El Apocalipsis de la intimidad


De la instalación El ojo caleidoscópico, Los Carpinteros 
(Marco Antonio Castillo Valdés y Dagoberto Rodríguez Sánchez), 
2009, Mori Art, Tokio

No es el derrumbe del muro de Berlín. Tampoco es el Break down the wall! de Pink Floyd. Es un muro que se rompe con sordina. Los adoquines desbaratados se lanzan en todas direcciones dando lugar al agujero. Pero no cesan de hacerlo.
Se trata de una intervención plástica de Los Carpinteros (un colectivo cubano) cuyo artificio hace, precisamente, que el estallido esté sucediendo. Todo el tiempo. Los adoquines flotan en el aire, dispuestos a caer pero no caen.
Es parecido a lo que pasa en El siglo de las Luces. Alejo Carpentier relata un cuadro, Explosión de una catedral, que crispaba a los protagonistas de la novela, tal vez porque fuera un presagio de algo innominado. La pintura era del olvidado Monsù Desiderio (siglo XVI), que pintaba ruinas una y otra vez. Ruinas de ciudades, de templos, de mitos fundadores.
Explosión de una catedral es una imagen exasperante. Tal vez por su fijeza. Aquellas columnas, como estos adoquines ahora, se detenían en el espacio y en el tiempo como si fueran eternas.
¿Qué tiene que ver este efecto perturbador con la historia del cuerpo que pretendemos en este blog?Mucho, porque uno bien podría pensar que ese muro es el que, hasta un momento antes, amparaba el cuerpo íntimo. Antes de la detonación, todavía a fines del siglo XX, abríamos la ventana y nos apoyábamos en el alféizar a mirar cómo pasaba el mundo. Había un Yo en un espacio privado claramente diferente del espacio público. Como si hubiera un muro que separara casa de la calle, de los Otros. 
Ahora no. Ahora nuestro cuerpo está arrasado por los bytes que nos taladran la carne sin que nos demos cuenta, por los ojos electrónicos que nos miran pertinazmente sin que nos importe. Ya no hay, pues, un cuerpo privado. Y lo que sugieren estos adoquines detenidos, que caen y no caen, es la apocalíptica inmovilización de una catástrofe, la caída de la intimidad.

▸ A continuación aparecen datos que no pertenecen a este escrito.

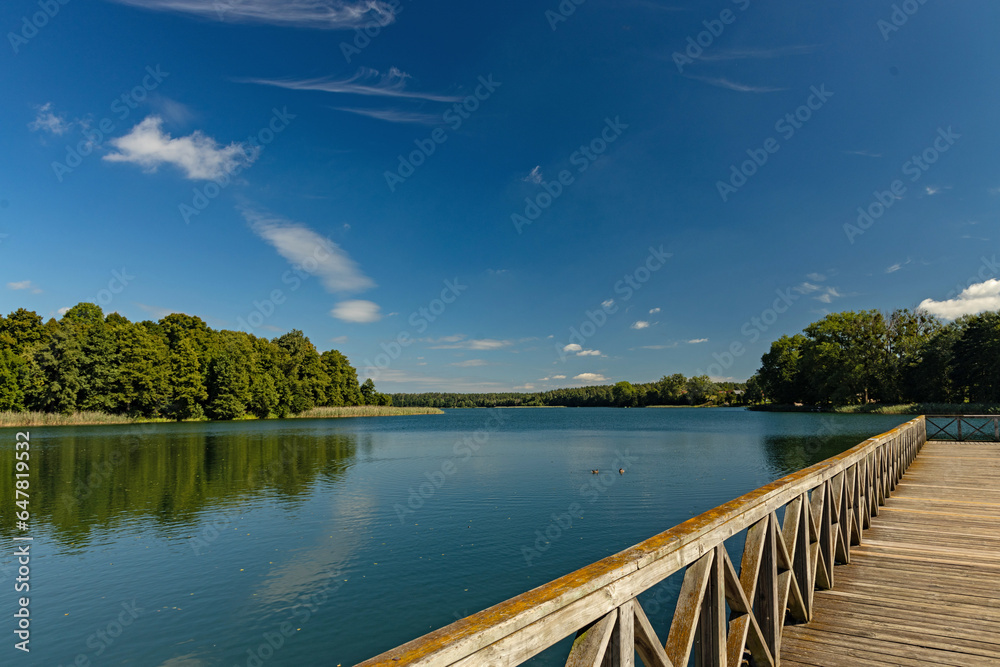 view over lake Olow in Ryn in Poland view over lake Olow in Ryn in Poland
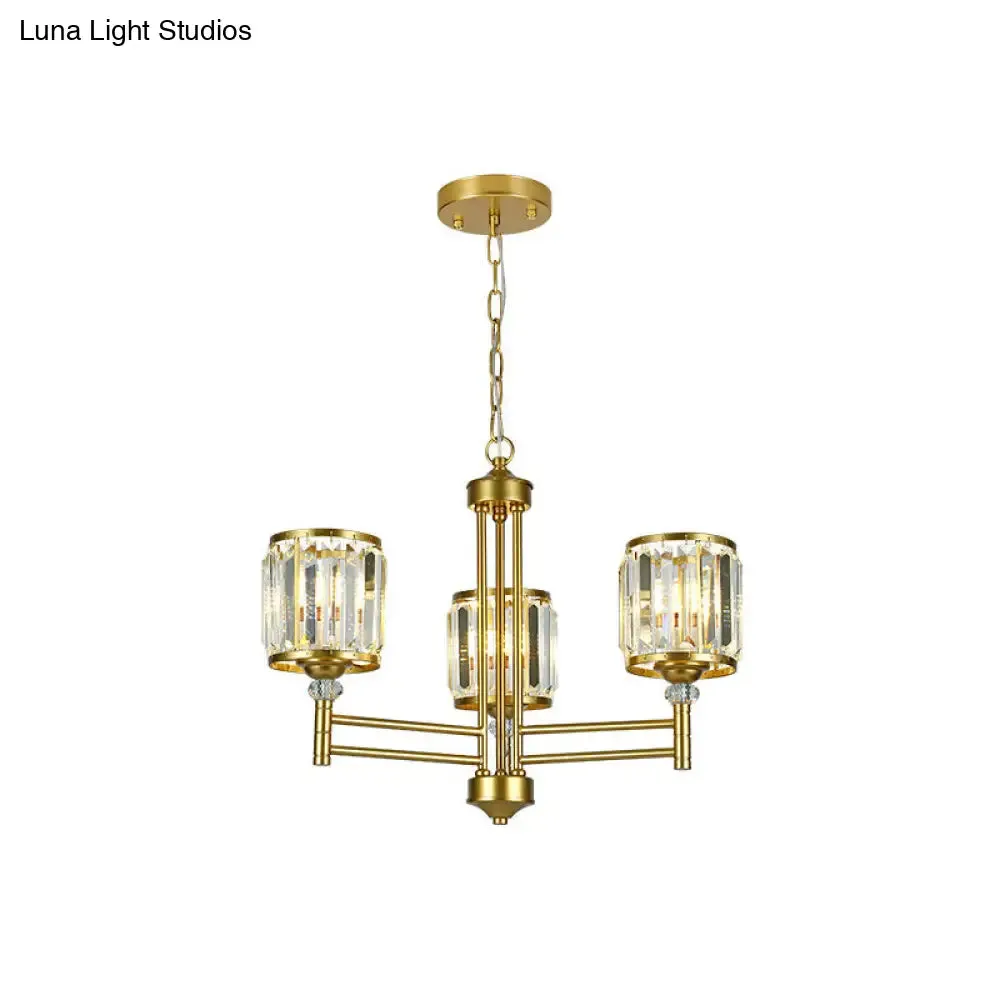 Contemporary Crystal Radial Hanging Chandelier - Brass Finish - 3/6/8 Lights - Bedroom Lighting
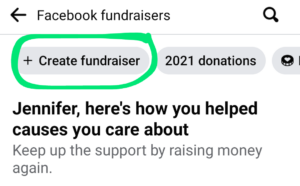 screen shot - create FB fundraiser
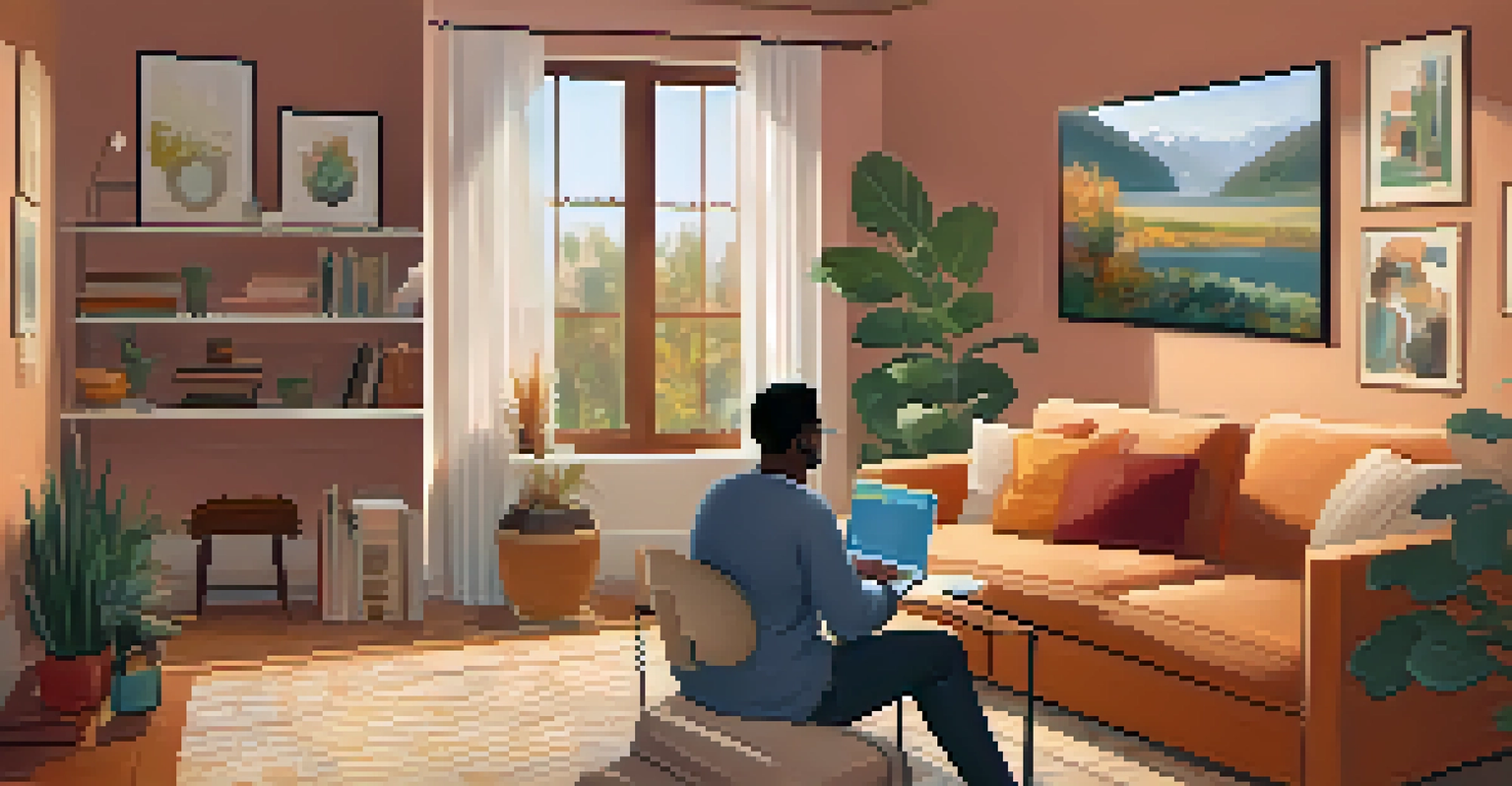 A person using telehealth services on a laptop at home, looking relaxed while talking to a mental health professional.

miércoles, 9 de mayo de 2012

La subversión del mundo


El cumpleaños, Marc Chagall, 1915, 
Museum of Modern Art, Nueva York

Los cuerpos flotan. Ondulan. Flamean. Son inverosímiles, surreales. Marc contorsiona el beso. Bella liviana el aire, ingrávida.
Y los objetos. Ningún objeto acata la perspectiva. La torta de cumpleaños sobre la mesa, el plato, el vaso. El bolsito de ella está en el borde del mantel y de la tabla, también inestable. No hay un sistema de objetos. Al contrario, más allá de su funcionalidad, hay un secreto en ellos que sólo saben los amantes.
El único objeto real es el ramo de flores que Marc le regaló a Bella. En este contexto sobrenatural parece real precisamente porque es un símbolo, la imagen de los cuerpos enamorados.
También el tiempo es surreal: en una ventana, la de la calle, es de noche; día en la otra.
Pintar los cuerpos alados sin alas y sin tiempos no es más que pasar al lienzo los versos que escribía/pintaba Marc Chagall (1887/1985): “Abría la ventana y junto con Bella entraban en mi cuarto azul de cielo, amor y flores”.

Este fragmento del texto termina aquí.